The Eye of the Beholder
by Mary Musselman
“Beautiful lady,” she said aloud. Such an appropriate phrase for her favorite flower.
Ria felt the lingering looks of tourists and heard their questioning words as she walked toward the square. Dressed in a tight black T-shirt, black capris, and high-strapped sandals, she wore a full black wig which held streaks of silver. Pointed silver-framed sunglasses disguised dark brown eyes. She pulled a cart behind her that held a small card table and several canvas chairs.
Later, the tourists who came to watch the sunset would see her at a booth reading palms and they would remember her from the street.
The atmosphere at Mallory Square was like a circus, complete with jugglers, tightropewalkers, statue people, and contortionists — all working the crowd and asking for small tokens for entertainment before the sun set.
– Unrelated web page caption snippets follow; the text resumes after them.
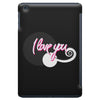 fahrie77 iPad Mini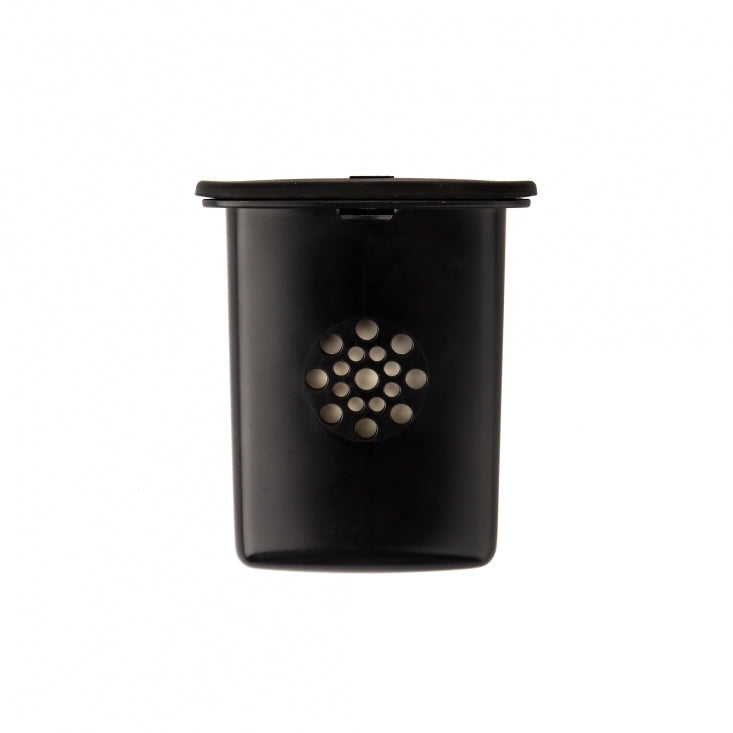 Humidifier Pro – GHP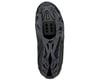 Image 2 for Giro Carbide Mountain Shoes - Closeout (Black/Charcoal)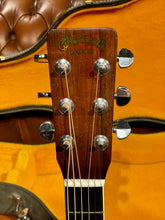 Load image into Gallery viewer, 1966 Martin D35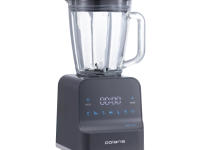 Настольный блендер Polaris PTB 2610GL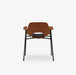Ligne Roset Tonneau Carver Chair - MyConcept Hong Kong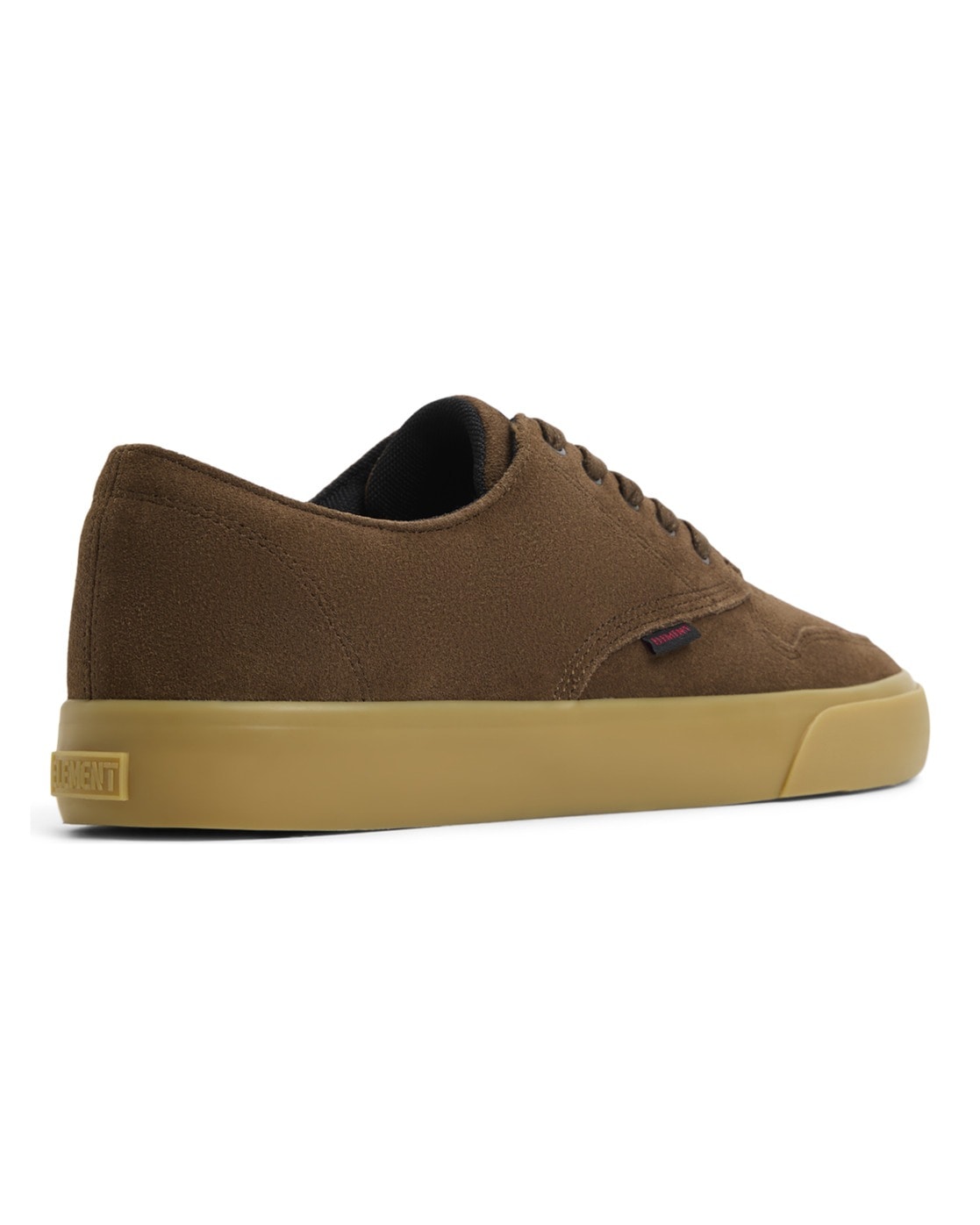 Element Sneaker »Topaz C3«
With words of welcome or challenge, they yelled, “Hey, don’t be afraid to stop. We’re from the Midwest, too. You won’t go away disappointed.” “Dig into your pockets. Dig deep. A finer performance you will never see.”
As she glanced in the direction of the water and sailboats to see red and yellow flames of the sun melt into the blueness of the ocean, Ria wondered who would visit her booth tonight. She sat down and closed her eyes for a minute and accepted a welcoming from friendly spirits that traveled in the wind, on the ocean and on the beach. They reminded her that she was not alone.
Ria sensed the approach of her first customer.
The girl who leaned toward her had china-blue eyes, flawless peach skin, and bleached blond hair tied back into a ponytail. Sitting next to her, her boyfriend looked like he had just stepped into a room full of giggling women where he happened to be the only male.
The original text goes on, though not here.